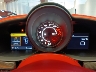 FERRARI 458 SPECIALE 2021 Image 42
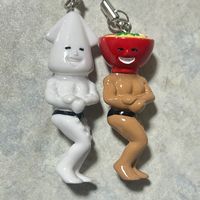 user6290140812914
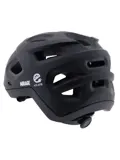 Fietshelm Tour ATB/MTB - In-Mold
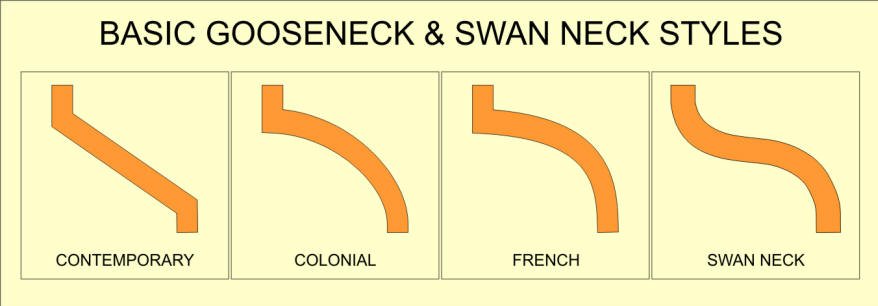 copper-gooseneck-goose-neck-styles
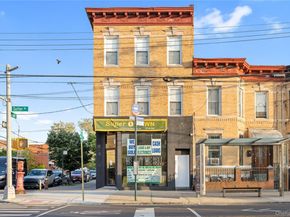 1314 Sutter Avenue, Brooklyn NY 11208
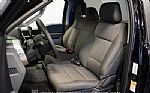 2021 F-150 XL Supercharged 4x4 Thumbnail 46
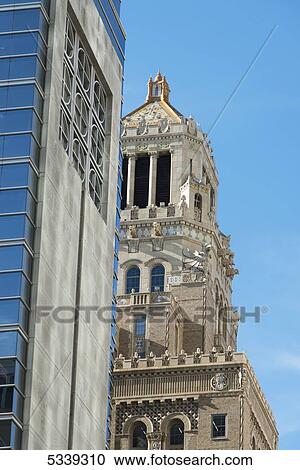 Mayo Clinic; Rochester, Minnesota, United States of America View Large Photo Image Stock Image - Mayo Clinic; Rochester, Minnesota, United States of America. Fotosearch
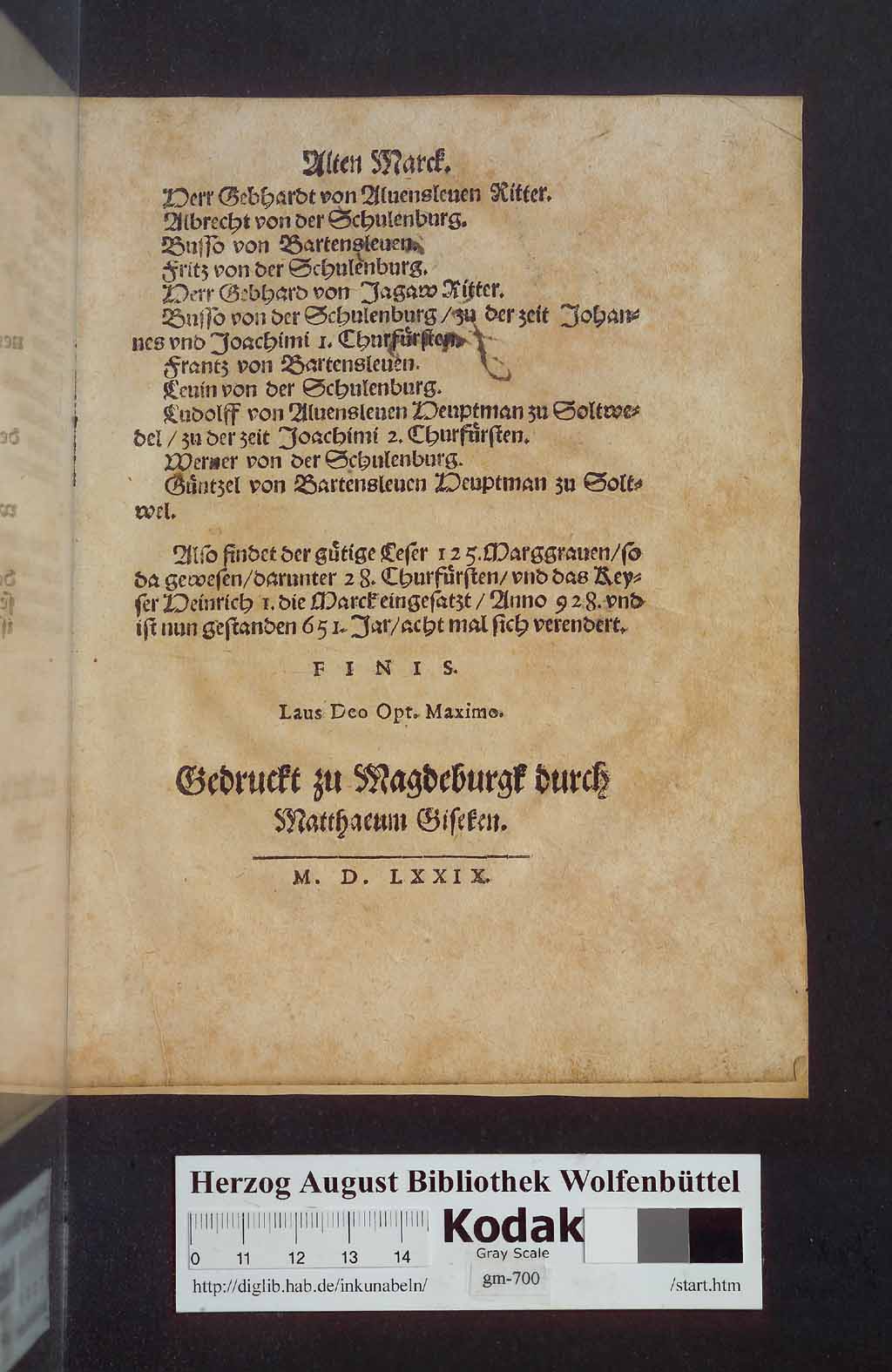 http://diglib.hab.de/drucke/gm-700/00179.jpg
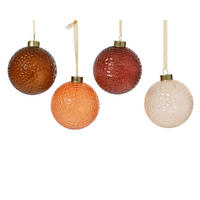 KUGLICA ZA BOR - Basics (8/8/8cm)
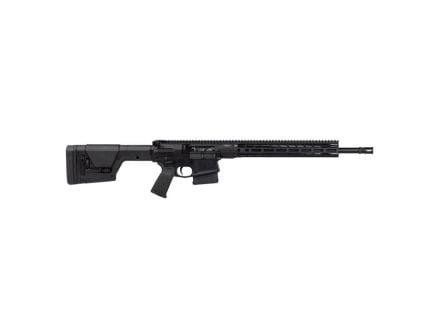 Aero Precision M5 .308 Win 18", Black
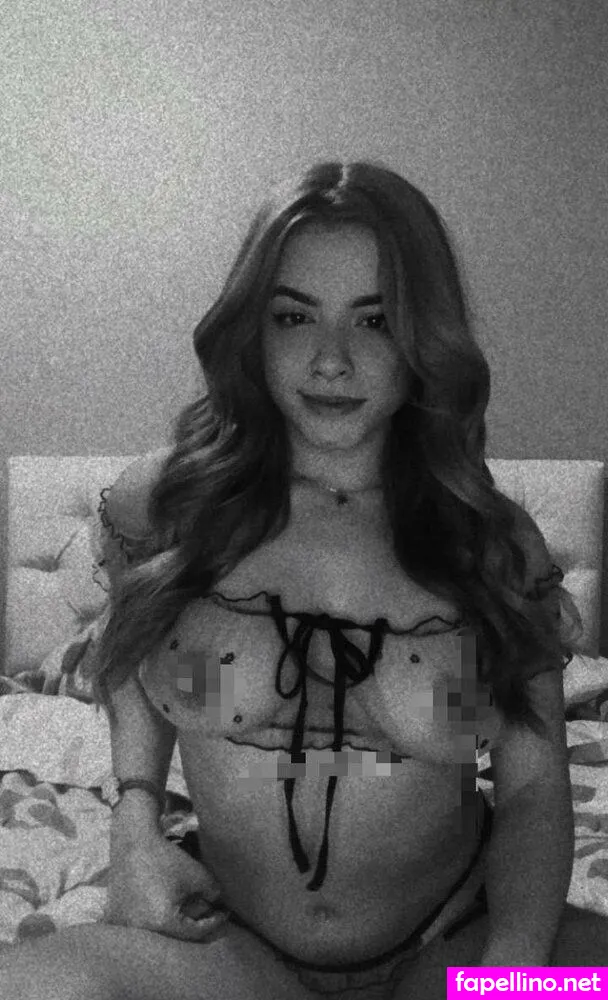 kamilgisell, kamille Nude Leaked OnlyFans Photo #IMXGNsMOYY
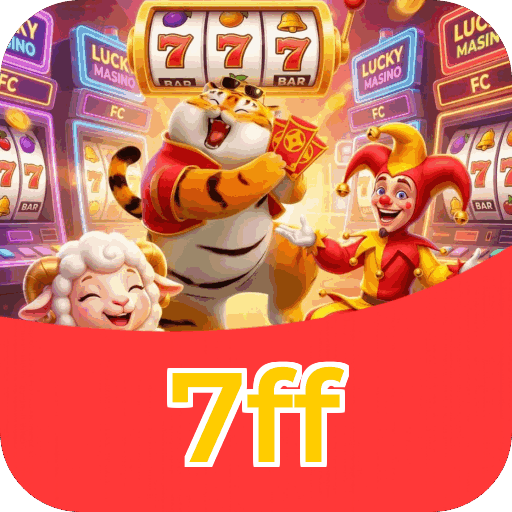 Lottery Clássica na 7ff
◆ ◆ ◆ ◆
Apart from the pictures, write every entry out again exactly.

→ **Solution for this exercise**:
 FERRARI 458 SPECIALE 2021 Image 42
 user6290140812914
 Fietshelm Tour ATB/MTB - In-Mold
 copper-gooseneck-goose-neck-styles
 1314 Sutter Avenue, Brooklyn NY 11208
 2021 F-150 XL Supercharged 4x4 Thumbnail 46
 Mayo Clinic; Rochester, Minnesota, United States of America View Large Photo Image Stock Image - Mayo Clinic; Rochester, Minnesota, United States of America. Fotosearch
 http://diglib.hab.de/drucke/gm-700/00179.jpg
 KUGLICA ZA BOR - Basics (8/8/8cm)
 Aero Precision M5 .308 Win 18", Black
 kamilgisell, kamille Nude Leaked OnlyFans Photo #IMXGNsMOYY
 Lottery Clássica na 7ff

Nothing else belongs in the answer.